MATLAB xUnit has been an excellent contribution to the test focused development efforts of those writing MATLAB code. It has a solid implementation, it follows the xUnit paradigm very well, and has been invaluable as a file exchange contribution.
The MATLAB Unit Test framework has indeed learned from this submission as well as decades of requirements and test focused development for the MathWorks' internal code base. We have also learned and extended upon frameworks in other languages such as JUnit, NUnit, and python's unittest framework.
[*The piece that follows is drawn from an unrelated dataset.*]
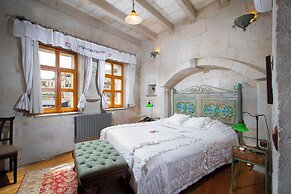 Terra Cave Hotel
As such there certainly are many more features in the R2013a-beyond framework, and it is designed to scale and extend.
There are too many other features to go into in a simple answer, but perhaps one way to describe some of the differences are that the 13a framework is what I loosely call an "xUnit 2.0" and the file exchange submissions is an "xUnit 1.0" framework. If you are familair with JUnit, this is like the difference between JUnit 3 and JUnit 4.
There are also other intangible or as yet unrealized benefits, such as:
- The framework is included directly in MATLAB so you can share tests with others and know that they can run the tests even if they are not familiar with testing and do not want to download the file exchange framework.
- The framework is under active development with a pipeline of additional features and capabilities in the works for future releases.
Hope that helps. I would be happy to go over any questions you have about specific functionality or features.